=== Given records ===

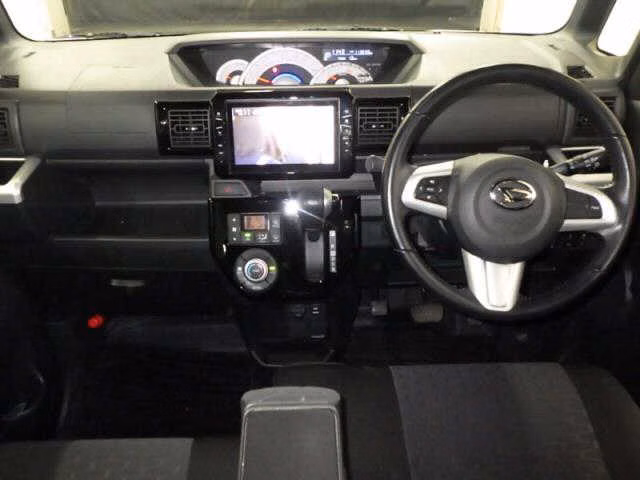 DAIHATSU WAKE
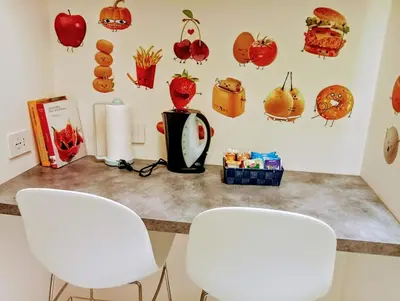Set per la preparazione di tè e caffè presso La casa di Megaride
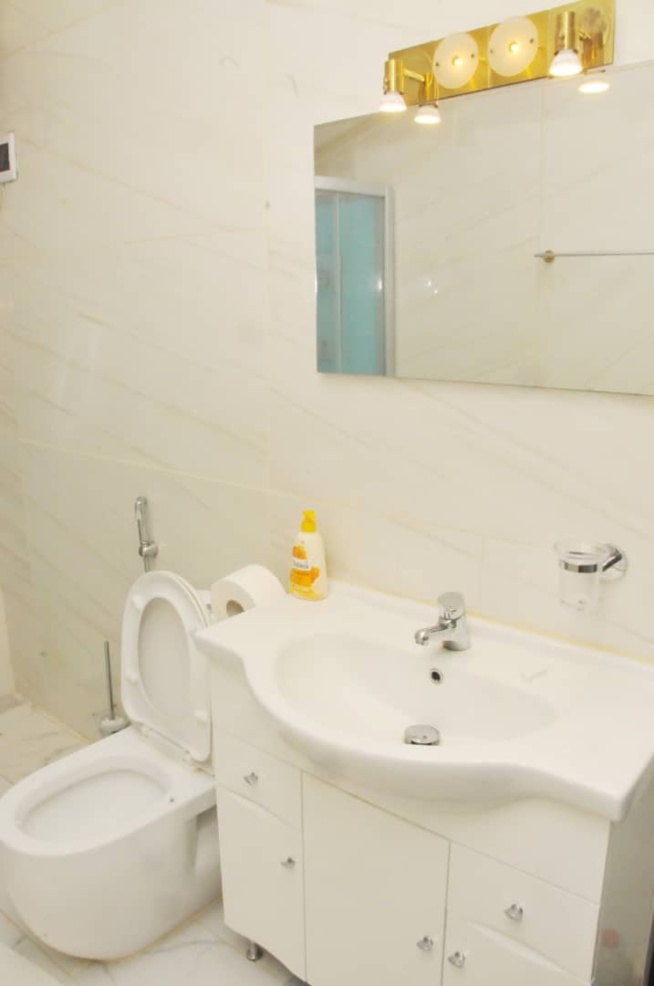 APPARTEMENT MEUBLÉ à louer aux Almadies derrière le Nirvana à 130 000 F CFA/JOUR TÉL 76 573 30 76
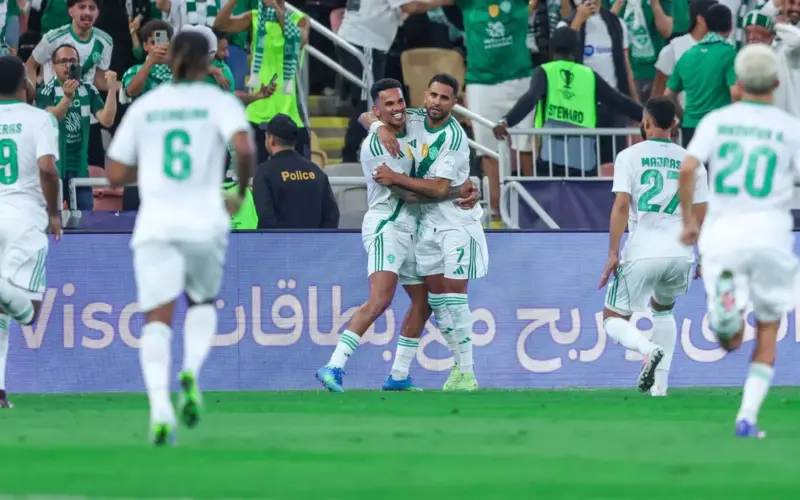أخبار الأهلي اليوم | دراسة مقترح سيغيّر تاريخ النادي.. قرعة كأس الملك وتفاصيل مناقشة مستقبل رياض محرز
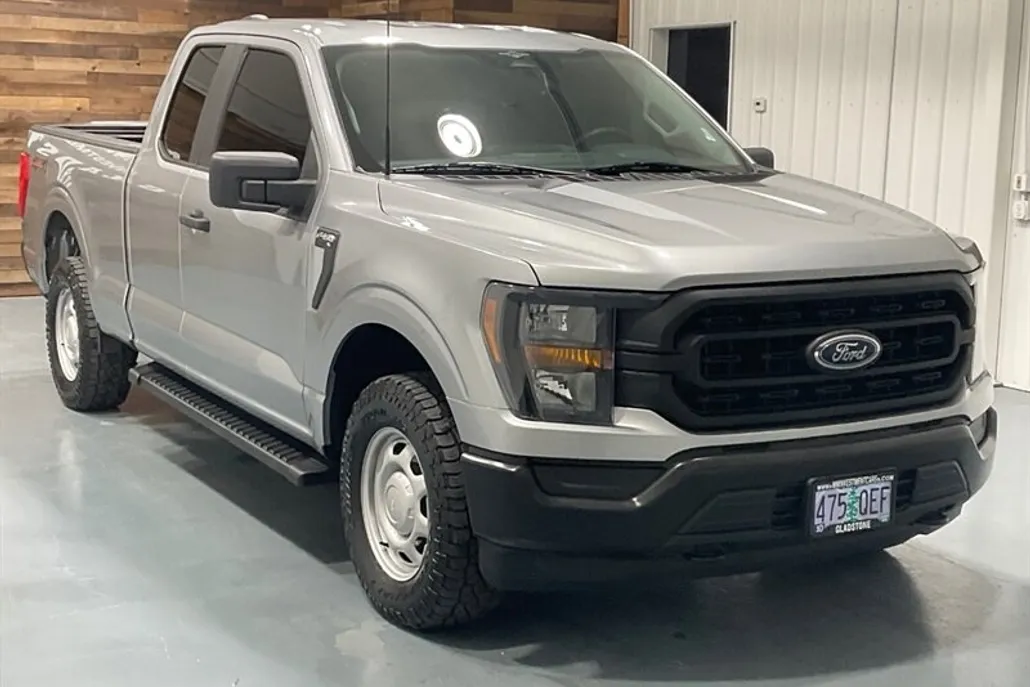 2023 Ford F-150 XL photo 1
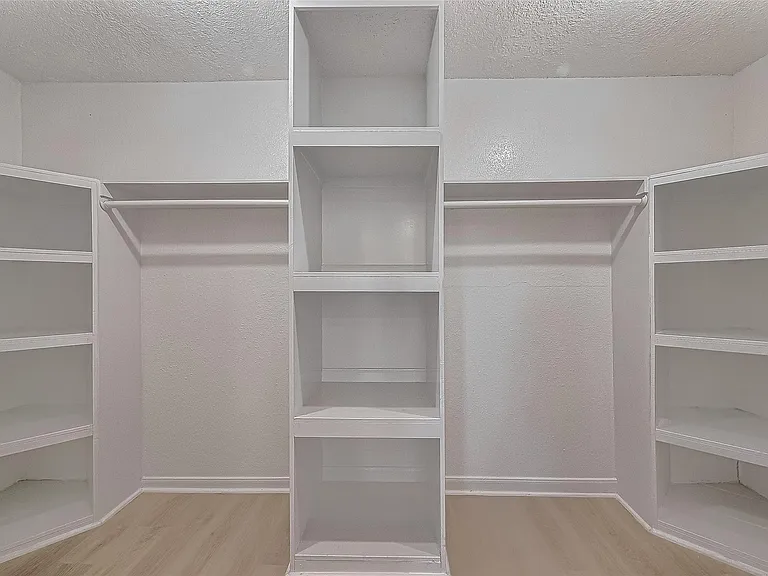 6219 Canada Dr — Photo 29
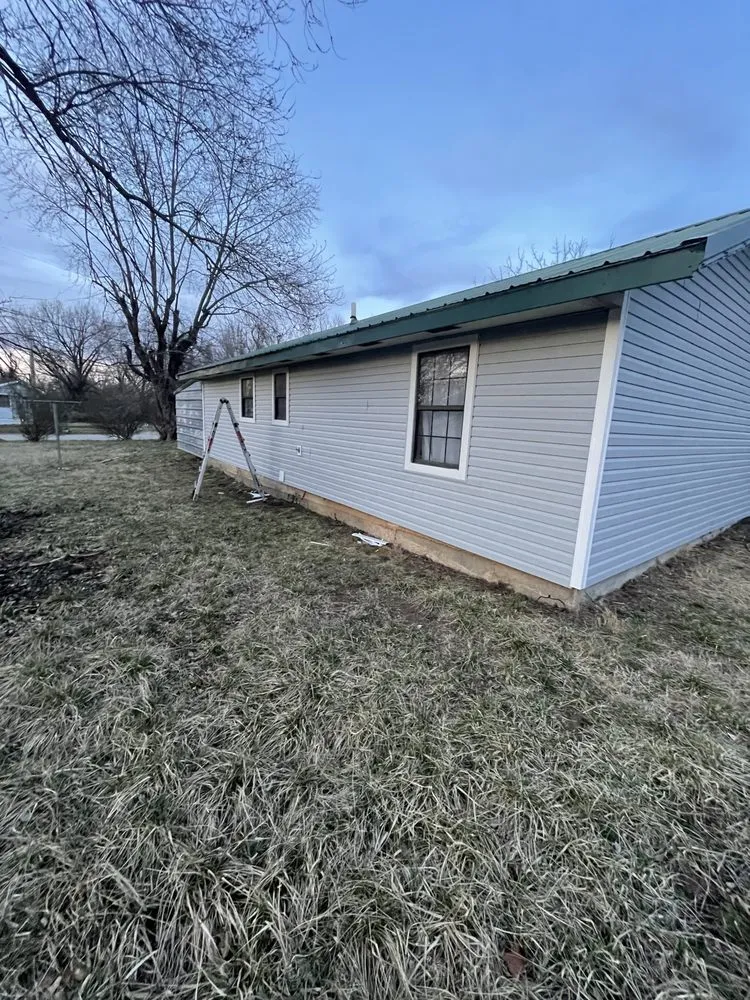 Slide of MD Roofing and Construction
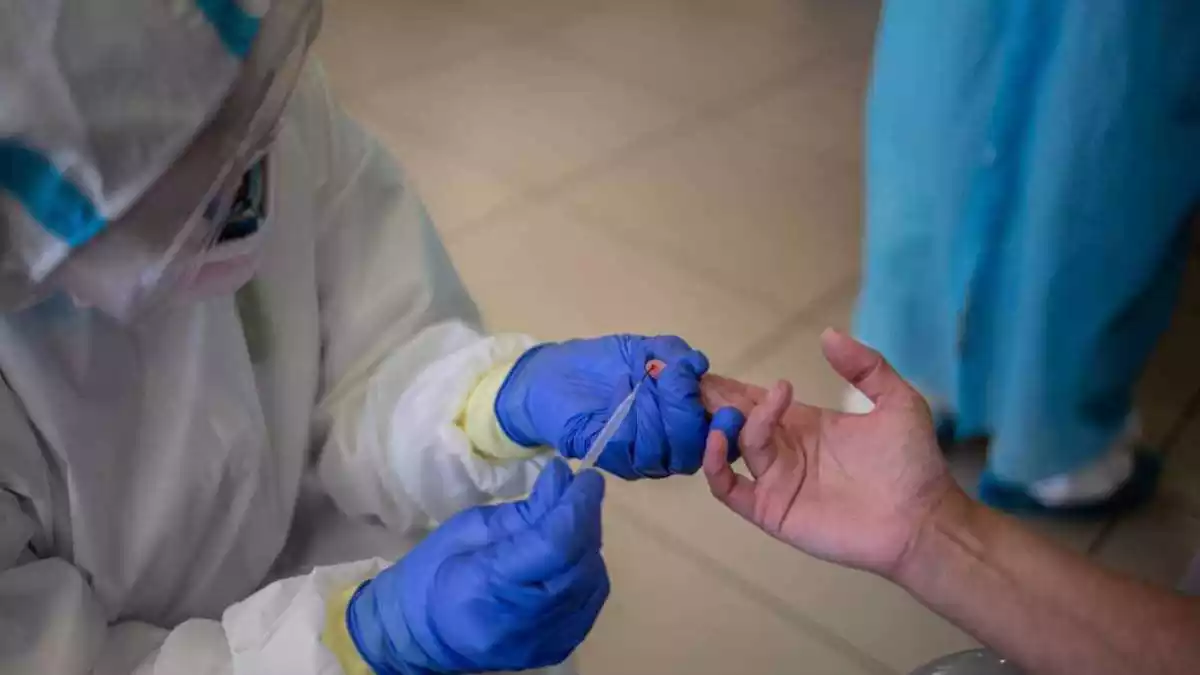 Un voluntari de Proactiva Open Armas realitza un test ràpid de Covid-19 a un treballador sanitari de la residència geriàtrica Redós de Sant Pere de Ribes, al Garraf, el 30 d'abril del 2020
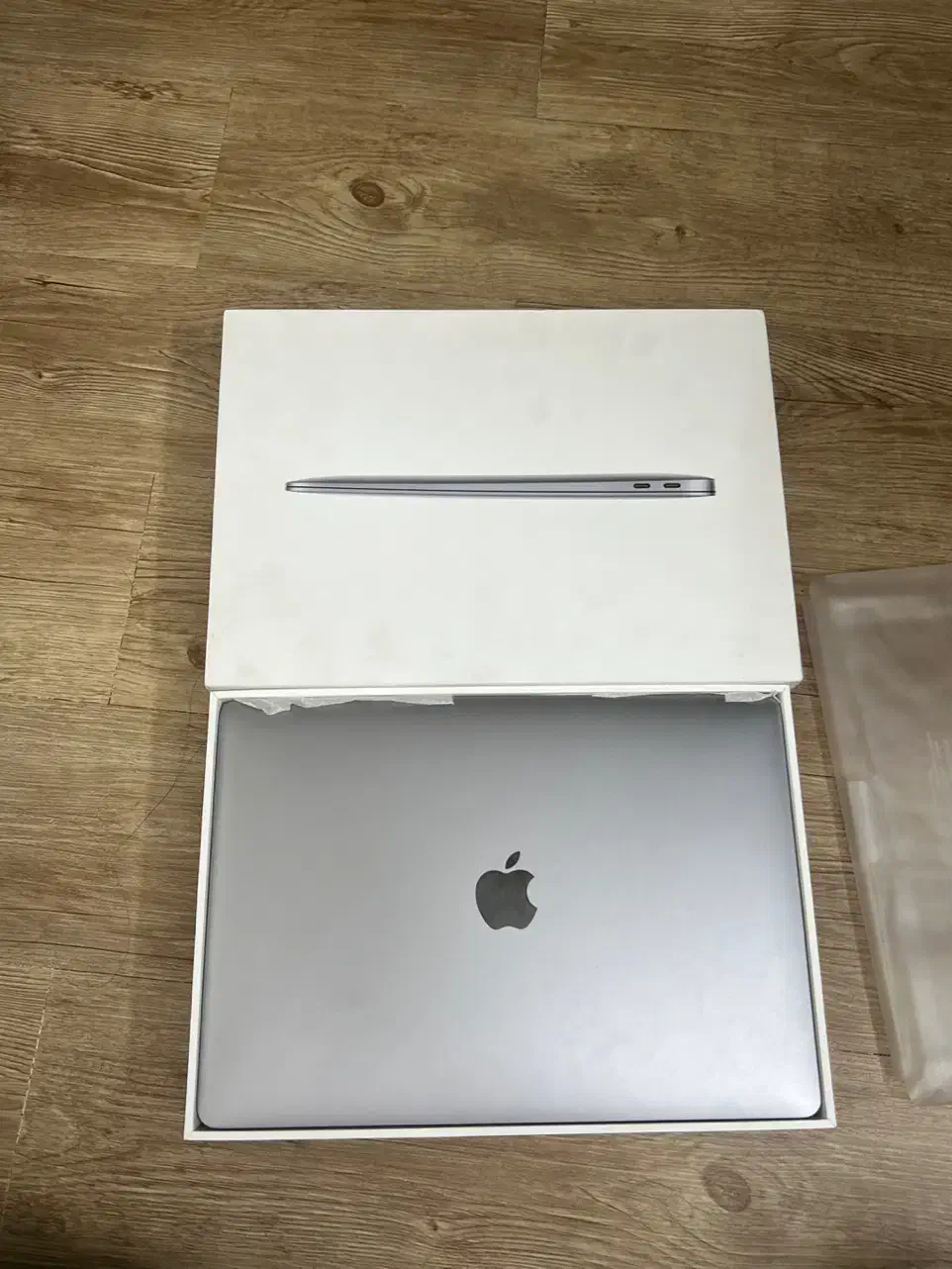 مک بوک m1 در حد اک|رایانه همراه|مشهد, سجاد شهر|دیوار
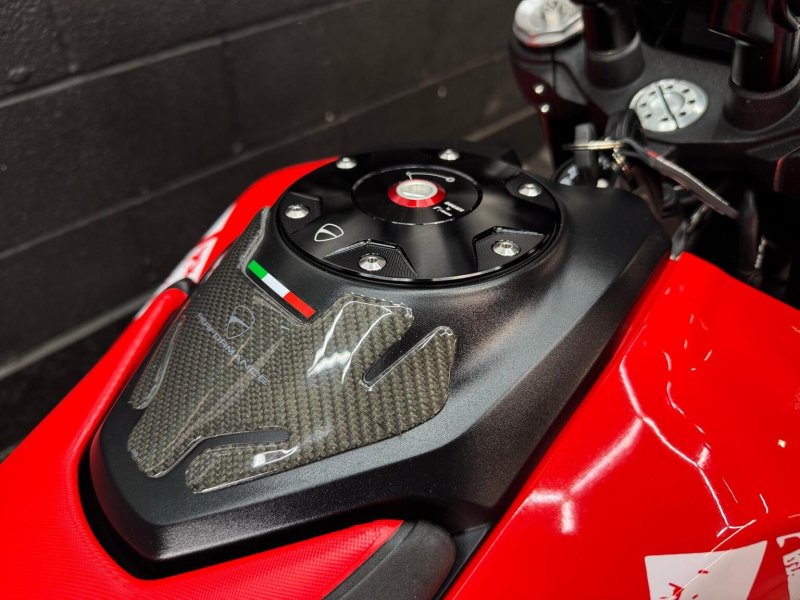 DUCATI Hypermotard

===

Task brief
In the copy, include no pictures; transcribe every record above verbatim.

Answer space
 DAIHATSU WAKE
Set per la preparazione di tè e caffè presso La casa di Megaride
 APPARTEMENT MEUBLÉ à louer aux Almadies derrière le Nirvana à 130 000 F CFA/JOUR TÉL 76 573 30 76
أخبار الأهلي اليوم | دراسة مقترح سيغيّر تاريخ النادي.. قرعة كأس الملك وتفاصيل مناقشة مستقبل رياض محرز
 2023 Ford F-150 XL photo 1
 6219 Canada Dr — Photo 29
 Slide of MD Roofing and Construction
 Un voluntari de Proactiva Open Armas realitza un test ràpid de Covid-19 a un treballador sanitari de la residència geriàtrica Redós de Sant Pere de Ribes, al Garraf, el 30 d'abril del 2020
 مک بوک m1 در حد اک|رایانه همراه|مشهد, سجاد شهر|دیوار
 DUCATI Hypermotard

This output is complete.